Geographic targeting, refinances

The targeting of direct mail ads was also to people in the Southern and Western regions of the U.S.

“Approximately 84% of direct mail reverse mortgage ads went to consumers living in states in the South and West during this period,” the report said. “This is a larger share than the portion of older homeowners living in those regions. The share of direct mail reverse mortgage ads to consumers was similar to the share of [Home Equity Conversion Mortgage (HECM)] loans endorsed in the South and West region during this period (87%).”

There were variations in the nature of the ads between the two regions, however, as “both advertising and endorsements far more concentrated in the West compared to the share of older homeowners in that region,” the report said.

Older homeowners in these regions “display some unique characteristics that raise potential concerns about the financial circumstances of borrowers there,” the Bureau said. Both regions have shown that larger shares of older homeowners report that they have difficulty covering their living expenses, while “a slightly larger share of older adults” in these regions have also reported having issues with paying their mortgages.

“There are also noteworthy differences in the racial/ethnic profile of older homeowners in these regions,” CFPB said. “Specifically, the South and West regions have a higher share of non-white older homeowners than Northeast and Midwest regions, with a high share of Black older homeowners in the South and a high share of Hispanic older homeowners in the West.”

The Bureau noted that ads pertaining to reverse mortgage refinances spiked considerably in 2021 and 2022, a time in which the industry endured a boom in refi activity. Refi activity comprised more than half of the industry’s total activity in 2021-2022.

Echoes of prior concerns

While reverse mortgage lenders have made appeals in recent years to homeowners with higher net worths, the industry and product have garnered a persistent reputation among certain people as offering a “loan of last resort” since most of the customer base of the industry tends to be seniors who have a lot of home equity with little access to liquid cash.

Industry professionals in the past have also explained that the nature of targeting reverse mortgage advertising toward older people is not because lenders are seeking more vulnerable populations, but are instead aiming to remain compliant with laws that dictate the kind of customer that can make use of a reverse mortgage.

In 2019 when Meta-owned social media platform Facebook made a change to its ad policies in an effort to limit targeted ads for protected classes — including seniors — a reverse mortgage professional explained for RMD that the industry’s advertising efforts remain focused on older people is because younger people simply don’t qualify for the product that reverse mortgage companies sell.

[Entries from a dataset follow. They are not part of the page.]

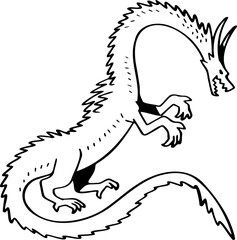 hand drawn dragon illustration.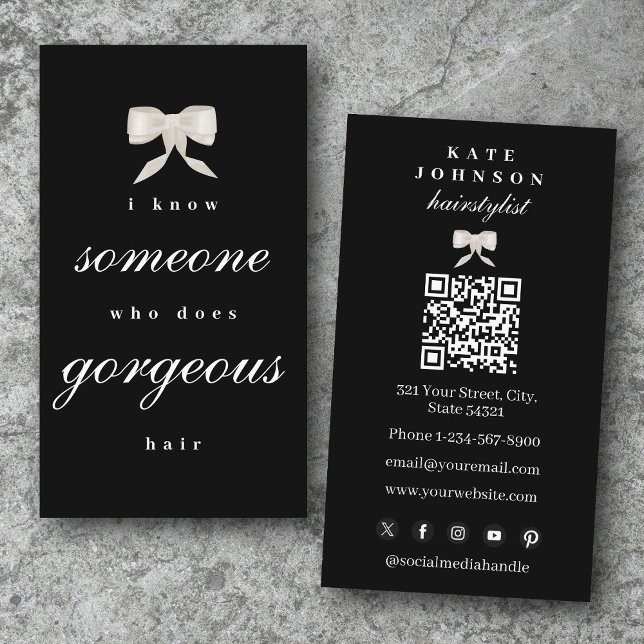 Carte De Visite Luxury Hairstylist Beaty Salon Hairdresser QR Code (Luxury Hairstylist Beaty Salon Hairdresser QR Code Business Card)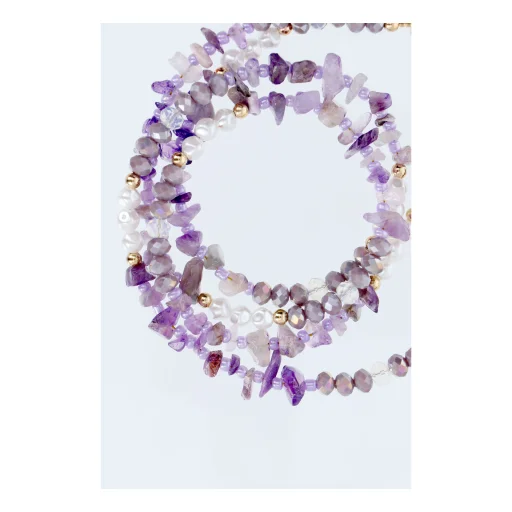 STONE telefontartó nyakpánt / zsinór hossza 82 cm (41 cm a hurokban) / nyakba akasztható - lila, - 2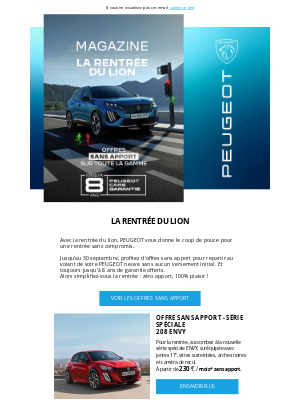 Peugeot (France) - La rentrée du Lion : le coup de pouce PEUGEOT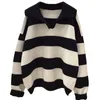 M4xl Vneck Striped Stitching Pullover Sweater Women Korean Fashion Loose Long Sleeve Knitted Casual Clothing 240304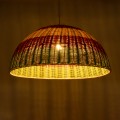 CABALLEROS  Boho Κρεμαστό Φωτιστικό Καμπάνα Μονόφωτο 1 x E27 IP20 Πολύχρωμο Ξύλο - Μ70 x Π70 x Υ34cm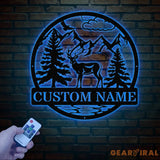 Custom Metal Deer Cabin Sign with Led Light Deer Hunter Gift Custom Last Name Sign Outdoor Decor Man Cave Decor Hunter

“No matter how you look at it, reverse mortgage ads are not targeted to younger borrowers simply because they do not qualify for the loans – not due to any desire to exclude those who could use the program or possible Real Estate Settlement Procedures Act (RESPA) violations,” said Cliff Auerswald, president of All Reverse Mortgage to RMD in 2019.

CFPB caution remains

However, CFPB acknowledges the general use cases for reverse mortgage loans and is maintaining a level of concern related to this targeting activity, according to the report.

“Although the intent of the HECM program is to meet the needs of older adult homeowners with lower incomes the data nevertheless suggests that reverse mortgage lenders are potentially targeting vulnerable populations with an expensive product that may not be best suited for their individual housing and financial needs,” the Bureau said.

An increase in ads regarding refinances was also of noted concern, according to the report.

“Moreover, the increase in ads for reverse mortgage refinances are concerning in that they suggest lenders may be targeting existing reverse mortgage borrowers for costly closing costs rather than providing them with a new product that reduces the effect of economic hardship,” it said.